Y'a pas à dire, la couverture originale
a pris un sacré coup de vieux...
Voilà un bon moment déjà que j'avais bouclé et chroniqué le premier tome des "Annales de la Compagnie Noire", considérée par beaucoup comme une référence en matière de dark fantasy. Ce premier tome m'avait laissé une impression un peu mitigée - quoique globalement plutôt positive. J'y avais regretté nottamment un rythme trop soutenu, une écriture parfois confuse (mais était-ce la faute de l'auteur ou du traducteur?) tout un appréciant le côté épique, de bons personnages, et une intrigue qui effectivement, sans casser trois pattes à un canard, sortait un peu des sentiers battus - une longue et dure campagne, la distinction difficile entre bien et mal, la vie dure des guerriers, la cruauté des deux côté, une sombre histoire de complot. Au final, en fermant ce tome, j'étais donc tout à fait prêt à attaquer la suite, plutôt satisfait de ma lecture, bien qu'il y manquât à mes yeux un petit quelque chose.
Un petit quelque chose que je n'ai eu aucun mal à trouver dans ce second tome. 
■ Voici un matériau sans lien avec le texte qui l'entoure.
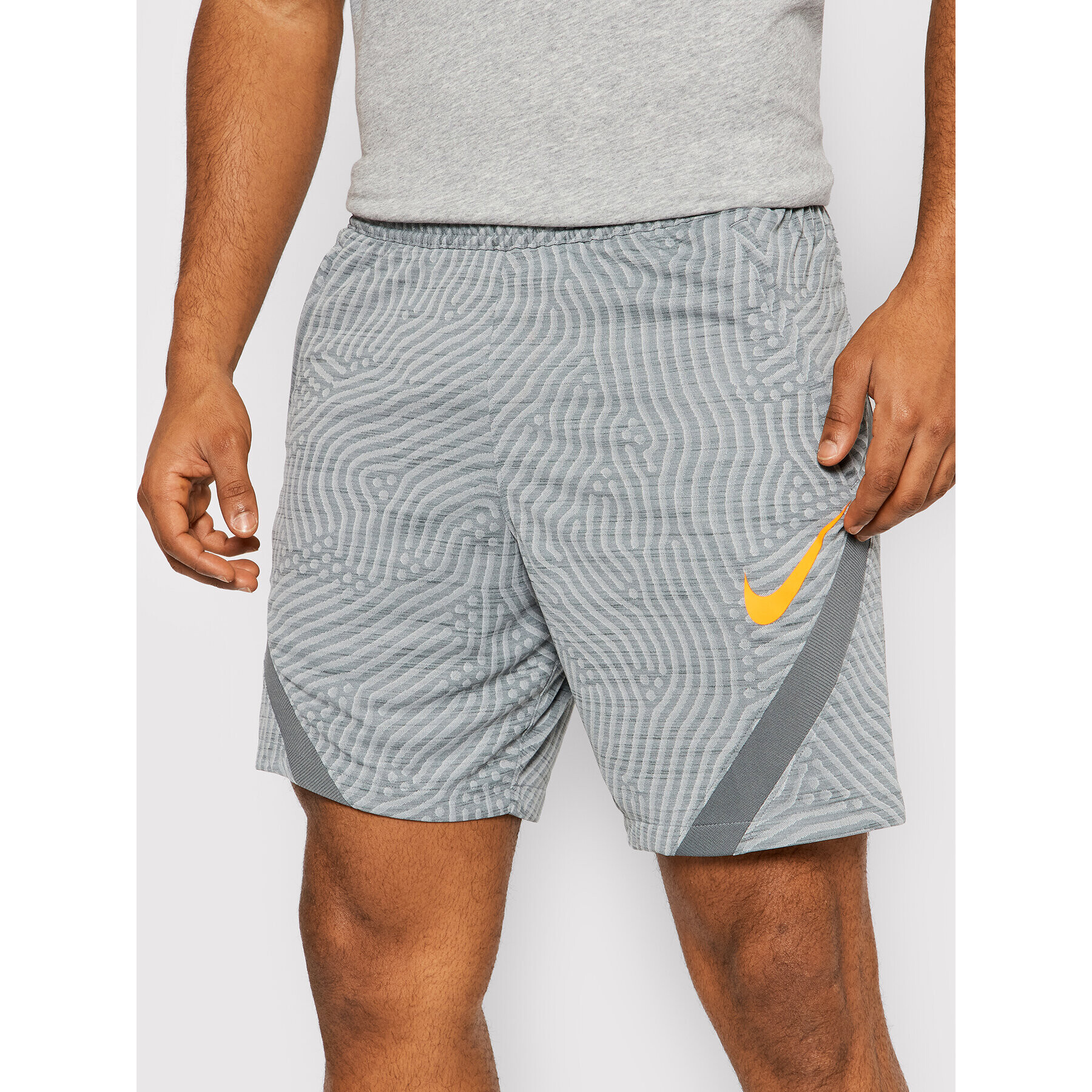 Nike Pantaloni scurți sport Strike CD0568 Gri Slim Fit - Pled.ro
Grosse surprise pourtant, au départ: si je m'en doutais déjà un peu via la quatrième de couverture, "Le Château Noir" abandonne complètement (enfin presque!) l'aspect épique de son prédécesseur, pour se concentrer sur un récit à l'ambiance plus sombre et intimiste, qui va fouiller les tréfonds de l'âme humaine. Exit donc l'aventure aux quatre coins du continent, les trois-quarts de l'action se déroulent désormais dans une seule et même ville: Génépi. Et au fond, ce n'est pas plus mal, car Glen Cook a ainsi en trois cents pages tout le loisir de planter son décor, et installer son ambiance comme il le souhaite. Bref, cette fois-ci, il prend son temps, et vous savez que c'est une chose que j'apprécie, tout comme j'apprécie de savoir où je me trouve. Le fait que ce tome soit plus descriptif que le précédent a donc été bienvenu. 
Ces descriptions permettent de planter le décor de la ville de Génépi: un vieux port coupé en deux: d'un côté les beaux-quartiers, en hauteur - où évidemment on ne fout pratiquement jamais les pieds... - et le quartier de la Cothurne, le pire repaire de malfrats qui puisse exister, un quartier sale, sombre, miteux, mal famé, où règnent la peur, la faim; la misère; un quartier sur lequel l'ombre la mort plane en permanence, et où les bandits sont rois. Bref, les bas-fonds du monde. Avec un décor pareil, l'ambiance ne peut qu'être géniale! Et effectivement, c'est cet aspect que j'ai par-dessus tout apprécié dans ce livre, tout le côté glaucque et sombre de cette ville infâme où chacun essaye de survivre à sa façon, qui semble au premier abord d'un seul bloc, mais finit comme les personnages par révéler peu à peu ses multiples facettes. Ajouté au côté oppressant du château et à toute l'atmosphère de mystère qui se dégage de lui et de la ville, et vous obtenez une ambiance bien dark fantasy-esque à souhait, peut-être plus prononcée encore que dans le premier tome.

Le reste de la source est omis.